Exercise material =
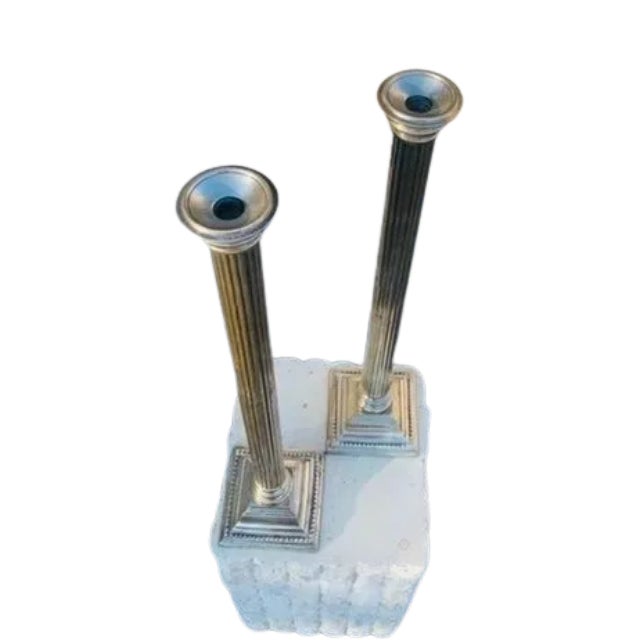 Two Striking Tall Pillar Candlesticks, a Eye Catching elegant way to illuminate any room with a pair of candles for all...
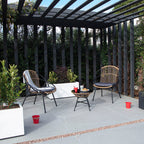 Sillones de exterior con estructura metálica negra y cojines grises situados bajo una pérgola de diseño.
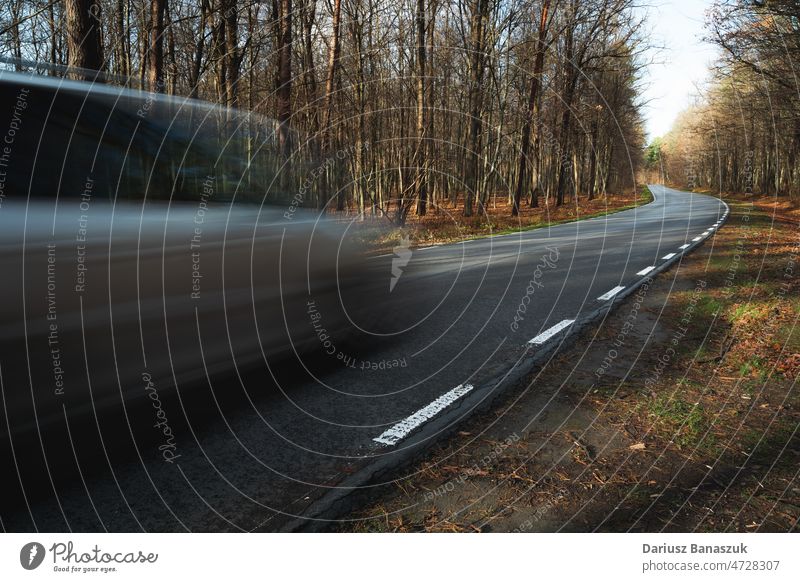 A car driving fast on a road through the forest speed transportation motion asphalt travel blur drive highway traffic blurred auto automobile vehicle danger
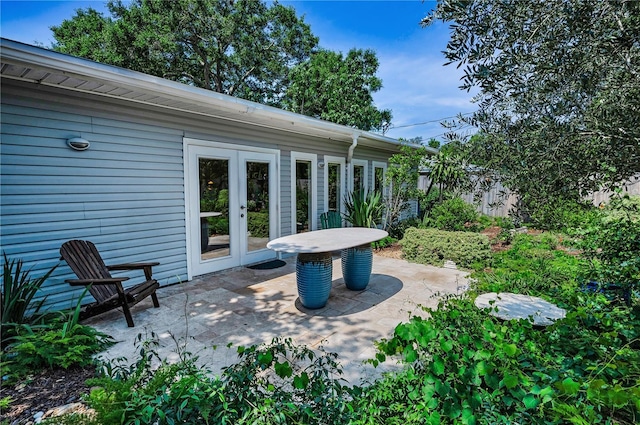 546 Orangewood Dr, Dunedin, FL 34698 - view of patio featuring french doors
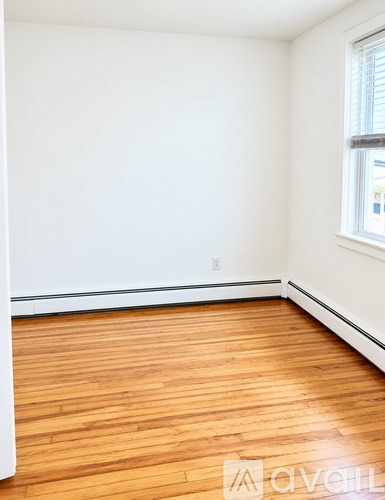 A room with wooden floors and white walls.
---
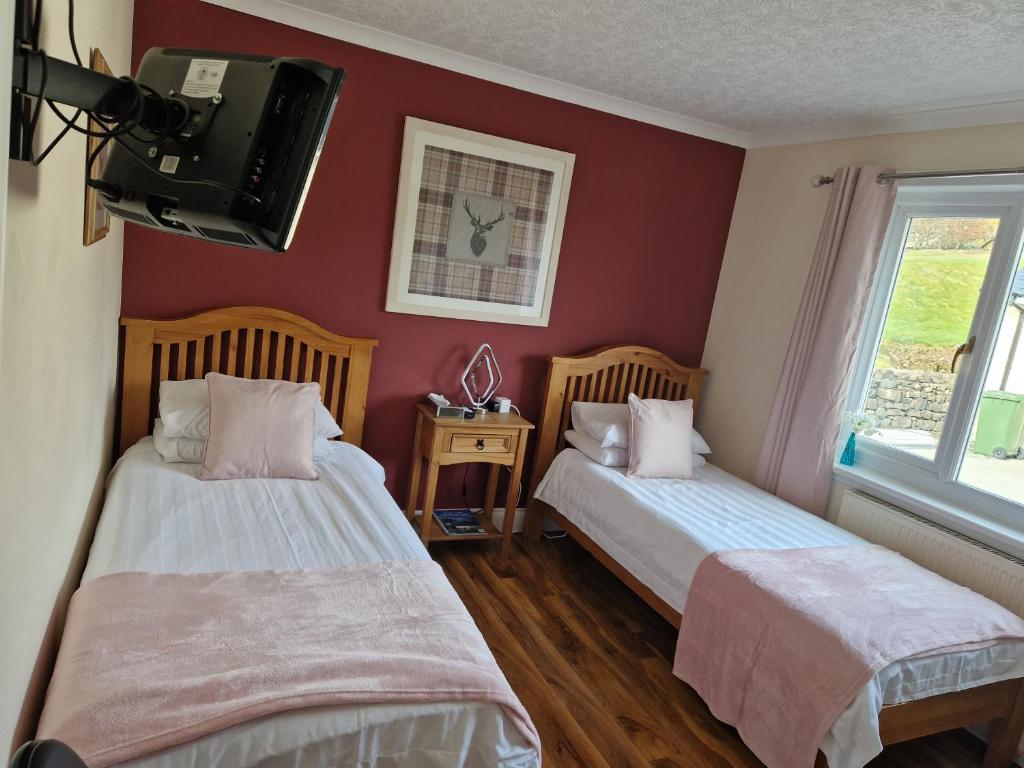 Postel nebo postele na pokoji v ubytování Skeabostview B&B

What is required = Exact copy, pictures excluded: every line above from the one containing "546 Orangewood Dr, Dunedin, FL" to the one containing "A room with wooden floors and white walls.", inclusive, and nothing more.

Worked solution =
 546 Orangewood Dr, Dunedin, FL 34698 - view of patio featuring french doors
 A room with wooden floors and white walls.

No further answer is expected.